I LOVE that Helen Mirren is on the cover of the September issue of Allure issue, which I must admit surprised me because I felt the new editor, Michelle Lee, was heading the magazine into hyper Millennial drive. But her call to action, which is a cover line, is to end the idea of “anti-aging”, and instead asks for a “celebration of growing into your own skin–wrinkles and all.” (You can read the story here.) Mirren is also a new spokesperson of L’Oreal, a mega-beauty brand which is also on board with the idea of looking towards older women as role models of beauty.
I think it’s fantastic and it’s been a topic of positive conversations with other women I’ve had over the last week. Then I read an article in NY Times Magazine by Amanda Hess, who tried to throw a wrench in the whole thing. To sum up her article, the beauty business is changing the language of their products and highlighting health and organic aspects of products as opposed to scientific jargon they used previously, but they’re still just trying to sell us face and eye creams and tap into our fear of getting older. That’s true on many levels. And yes, beauty companies and magazines feature older women who were gorgeous at a young age and still are into their 50s, 60s and 70s. But I think Amanda misses the point. The best prep for writing about aging might be actually being older. I don’t know how old Hess is but she graduated from college in 2007; I graduated in 1989. I have wrinkles. Helen Mirren has plenty of wrinkles (and according to the completely unreliable Daily Mail even with a face lift). In fact, she might have more than my mother who is slightly older, hasn’t had a lift, and is gorgeous. Sure on some level the beauty industry might tap into our fears to sell products, but for those of us who have accepted aging, what if we still want to moisturize and use retinol so we can look our best when we’re in your 70s and 80s? When is trying to take care of yourself a bad thing? Isn’t the organic, all-natural ethos today more holistic, meaning a healthy lifestyle of food and exercise, not just what you lather on your face?

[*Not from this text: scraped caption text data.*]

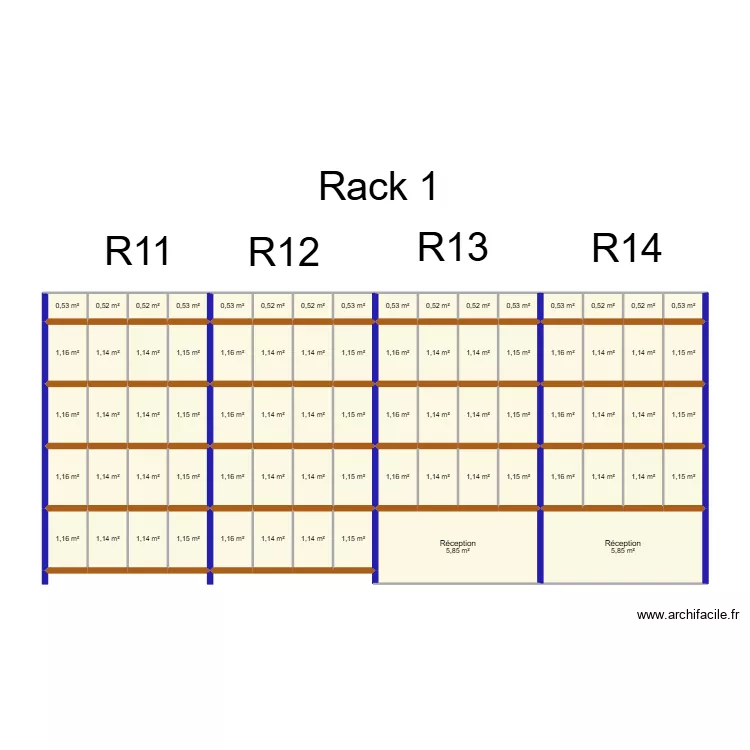Rack R1. Plan de 74  et 84 m²
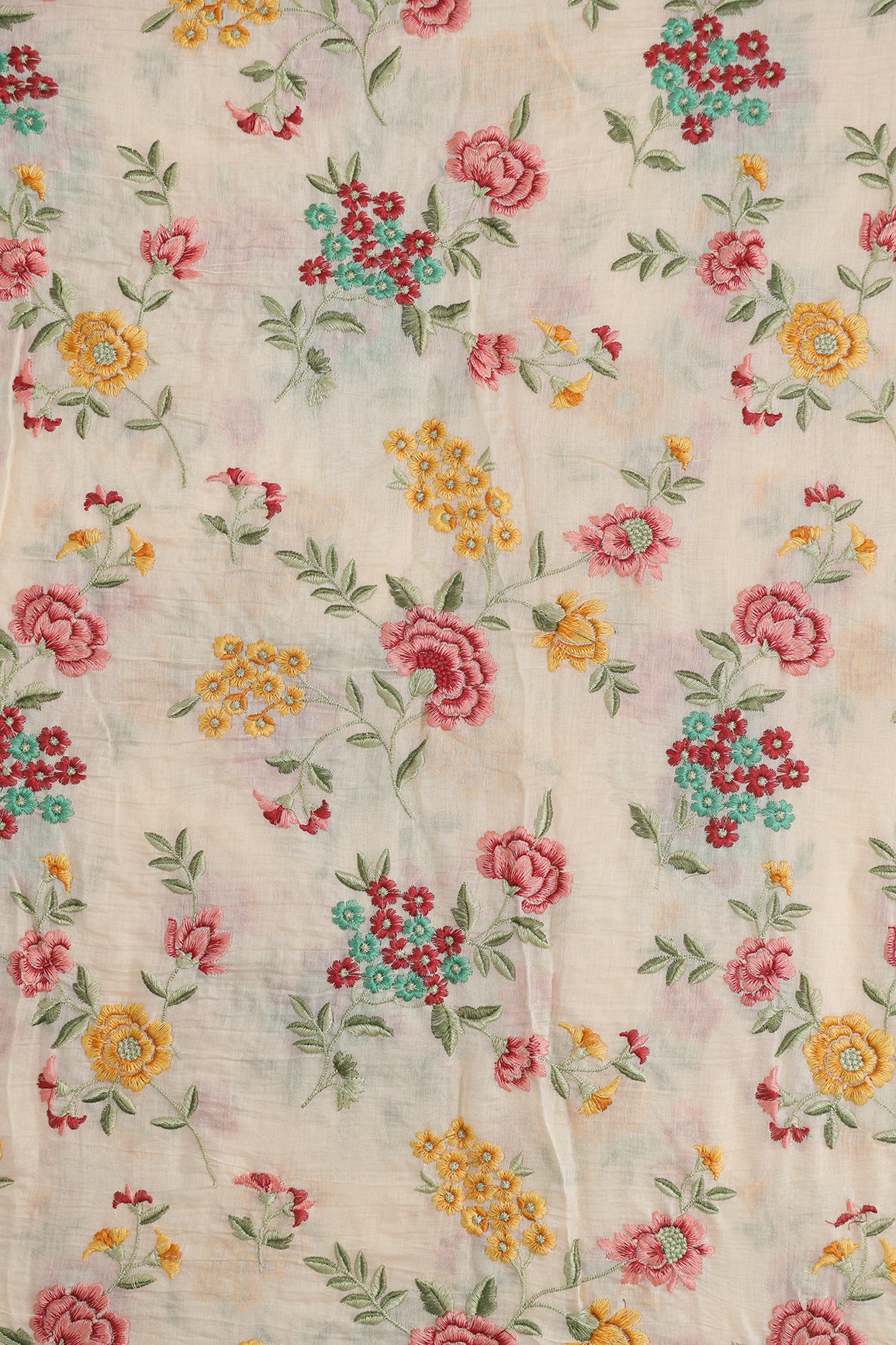 Beautiful Multi Thread Floral Embroidery Work On Peach Pure Mul Chanderi Silk Fabric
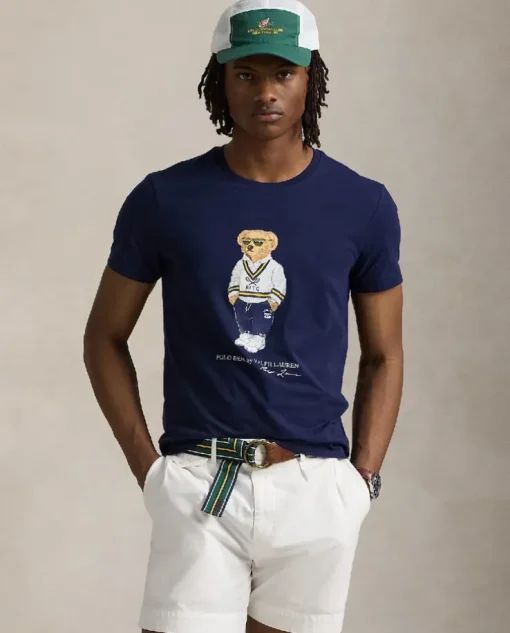 Granatowa koszulka z misiem Custom Slim Fit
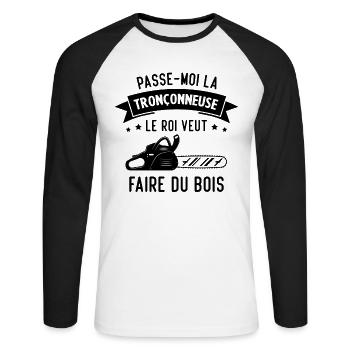 passe moi la Tronçonneuse le roi veut faire du boi - T-shirt baseball manches longues Homme - blanc/noir - Devant - Nik (191cm)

There are plenty of women (and men) who are insecure about getting older, but to have a woman like Mirren just enjoy being a woman and not give a f%*$ is refreshing. It is certainly a step in the right direction. I want to be like Helen when I grow up.
Amy Nobile says
Amen! Helen and editors like Michelle Lee are changing the ‘face’ of what it means to embrace and celebrate ourselves, no matter the birthday.
As someone who is 59, I was almost giggly with delight when I saw Helen Mirren on the cover of Allure. Love the blouse, the hair, the Robert Lee Morris ring, the dark red nails and especially the attitude, BUT that’s where it ends. It’s one article and then back to the youngsters. Allure has now lost me. What if Maye Musk and Lyn Slater had been featured as well? That would’ve really made a statement.
Brooke Garber Neidich says
I want to see a piece on your beautiful mother !!